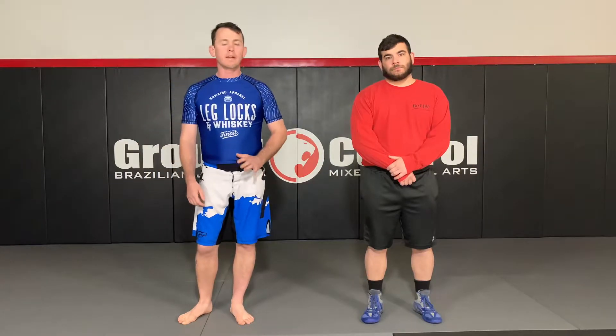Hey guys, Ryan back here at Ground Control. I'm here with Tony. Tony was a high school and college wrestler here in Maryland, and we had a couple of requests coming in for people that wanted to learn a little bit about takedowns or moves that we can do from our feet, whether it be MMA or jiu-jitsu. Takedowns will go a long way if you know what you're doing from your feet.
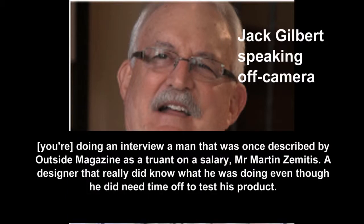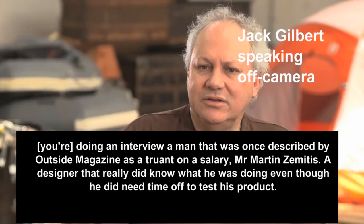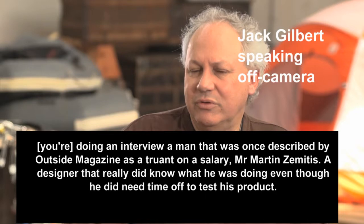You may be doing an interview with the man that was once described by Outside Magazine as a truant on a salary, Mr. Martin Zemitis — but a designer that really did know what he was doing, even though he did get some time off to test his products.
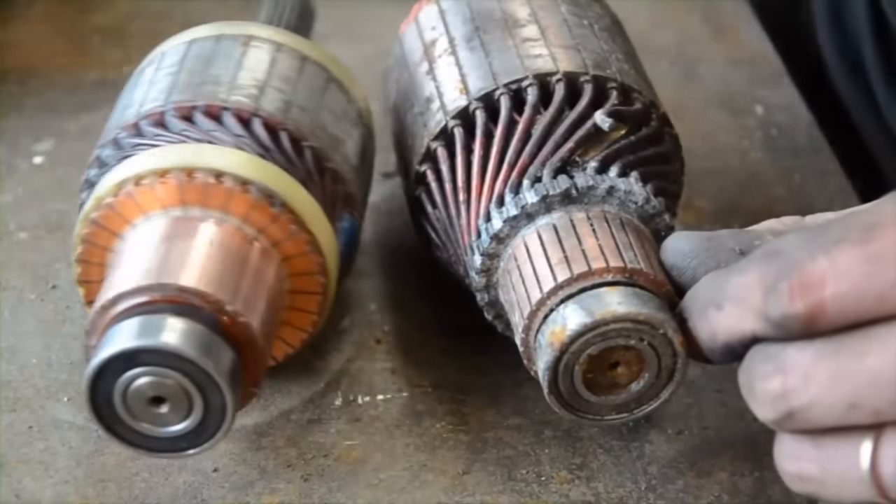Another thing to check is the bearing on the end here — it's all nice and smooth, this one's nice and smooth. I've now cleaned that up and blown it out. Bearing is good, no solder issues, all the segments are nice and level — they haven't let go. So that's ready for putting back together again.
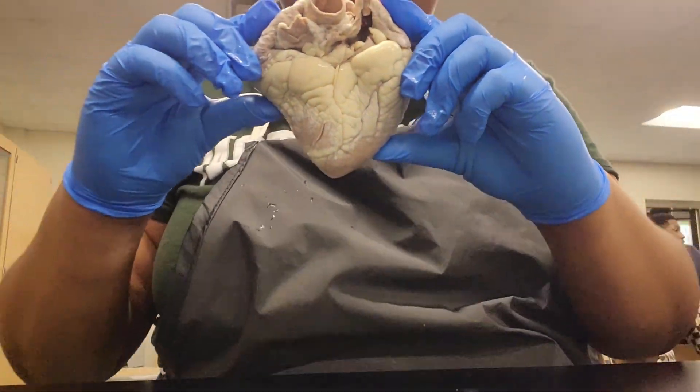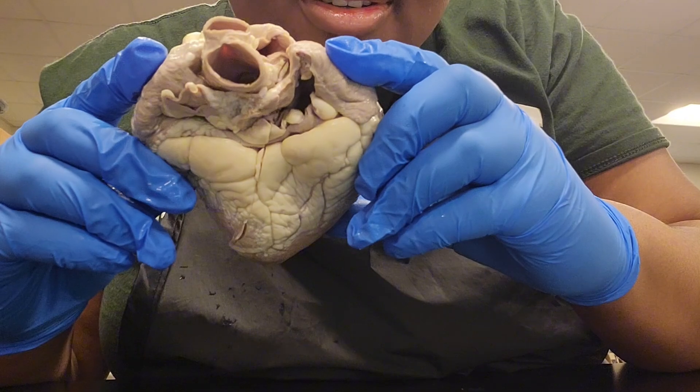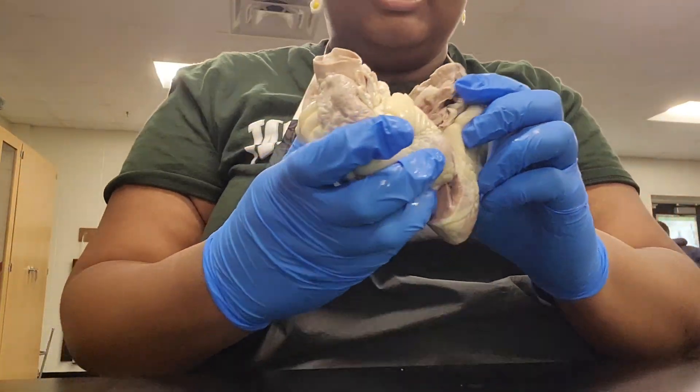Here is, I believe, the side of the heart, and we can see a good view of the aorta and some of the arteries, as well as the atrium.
◇ ◇ ◇ ◇
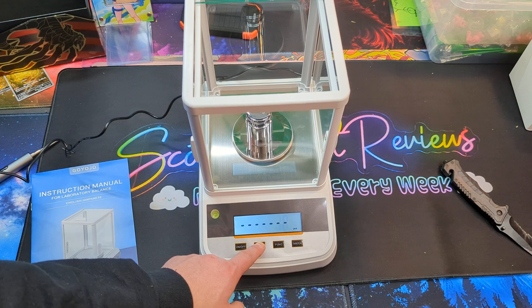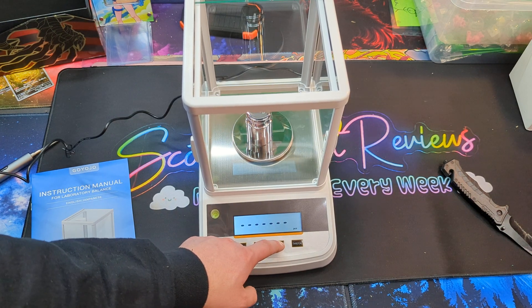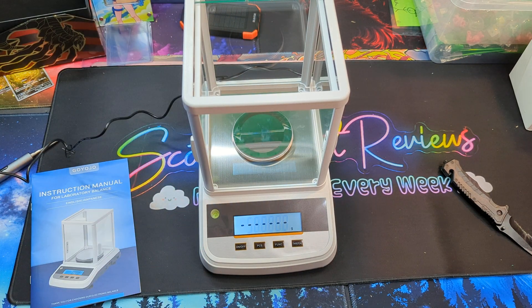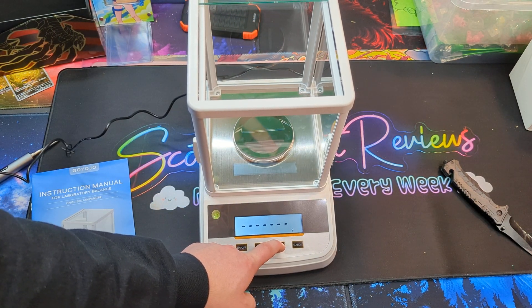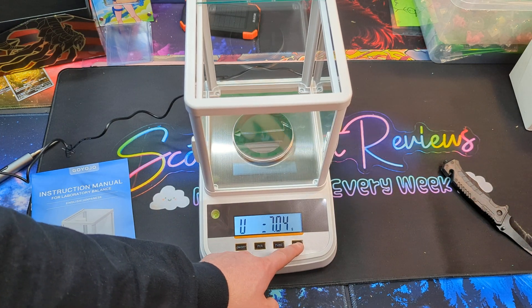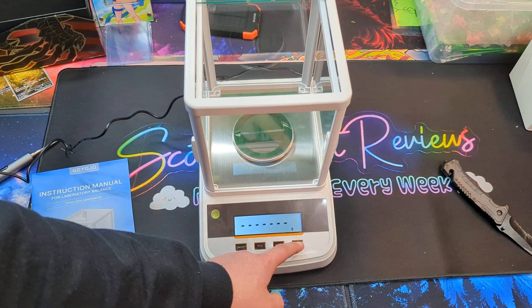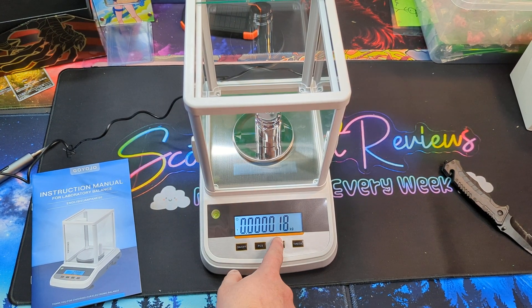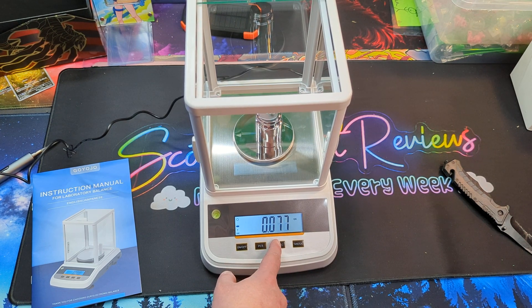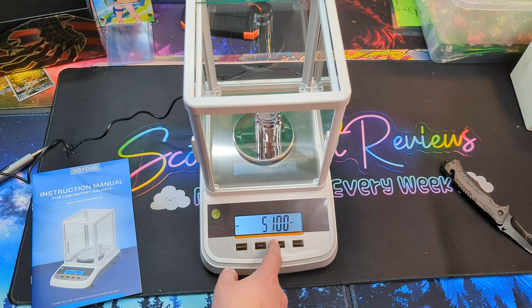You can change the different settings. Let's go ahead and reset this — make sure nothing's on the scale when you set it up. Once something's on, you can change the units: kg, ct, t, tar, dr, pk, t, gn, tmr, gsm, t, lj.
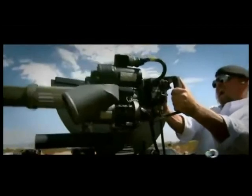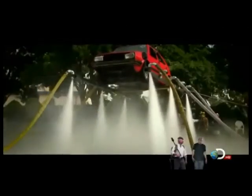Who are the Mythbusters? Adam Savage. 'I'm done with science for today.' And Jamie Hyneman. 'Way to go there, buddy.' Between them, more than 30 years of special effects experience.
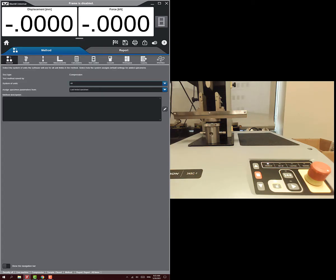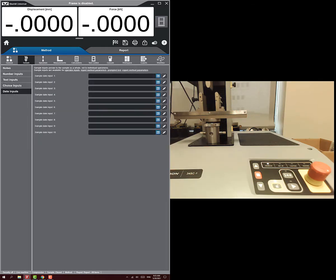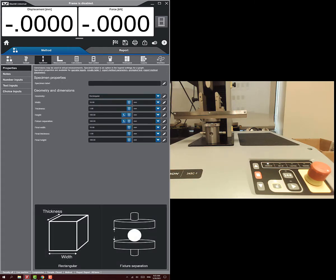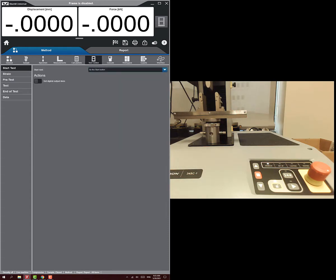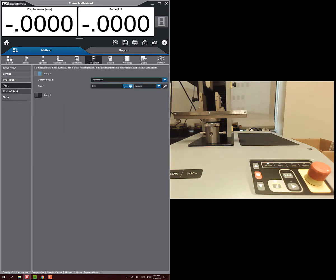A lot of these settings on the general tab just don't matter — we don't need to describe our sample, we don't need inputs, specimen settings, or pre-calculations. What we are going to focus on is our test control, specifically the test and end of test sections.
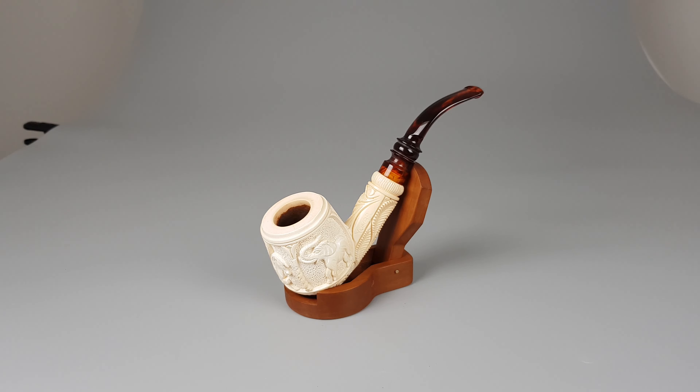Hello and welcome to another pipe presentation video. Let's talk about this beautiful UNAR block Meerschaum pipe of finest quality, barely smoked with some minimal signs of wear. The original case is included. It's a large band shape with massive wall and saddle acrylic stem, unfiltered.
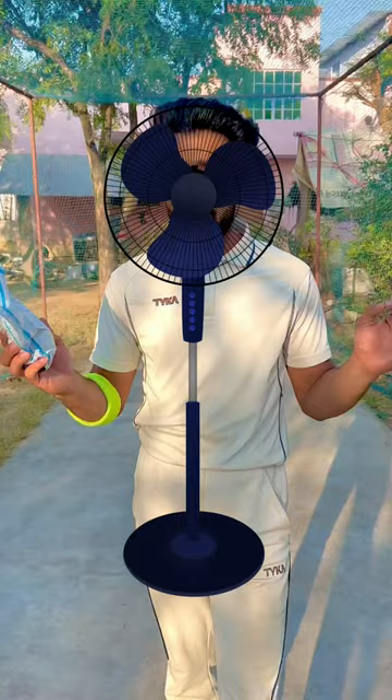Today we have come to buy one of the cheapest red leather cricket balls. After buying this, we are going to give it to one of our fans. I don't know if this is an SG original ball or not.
◇ ◇ ◇ ◇
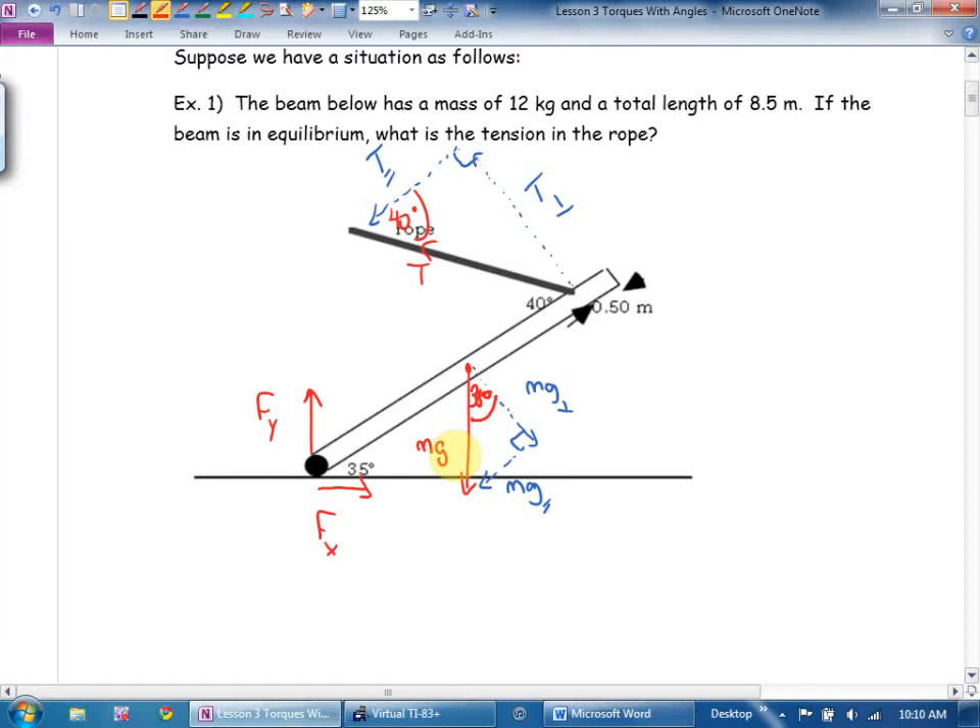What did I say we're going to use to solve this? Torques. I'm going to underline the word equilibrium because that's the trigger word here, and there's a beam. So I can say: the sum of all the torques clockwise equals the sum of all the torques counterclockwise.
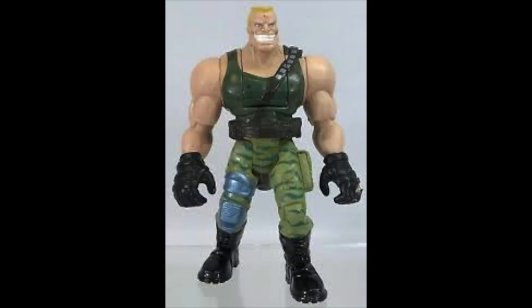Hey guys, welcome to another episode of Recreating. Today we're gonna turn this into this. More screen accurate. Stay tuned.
◇ ◇ ◇ ◇
◆ WHAT THIS TASK INVOLVES:
Set the pictures aside and reproduce exactly the lines above, from the line holding "Hey guys, Ryan" through the line holding "Here is, I believe, the", both included, with nothing else.

◆ SOLUTION FOR THIS TASK:
Hey guys, Ryan back here at Ground Control. I'm here with Tony. Tony was a high school and college wrestler here in Maryland, and we had a couple of requests coming in for people that wanted to learn a little bit about takedowns or moves that we can do from our feet, whether it be MMA or jiu-jitsu. Takedowns will go a long way if you know what you're doing from your feet.
You may be doing an interview with the man that was once described by Outside Magazine as a truant on a salary, Mr. Martin Zemitis — but a designer that really did know what he was doing, even though he did get some time off to test his products.
Another thing to check is the bearing on the end here — it's all nice and smooth, this one's nice and smooth. I've now cleaned that up and blown it out. Bearing is good, no solder issues, all the segments are nice and level — they haven't let go. So that's ready for putting back together again.
Here is, I believe, the side of the heart, and we can see a good view of the aorta and some of the arteries, as well as the atrium.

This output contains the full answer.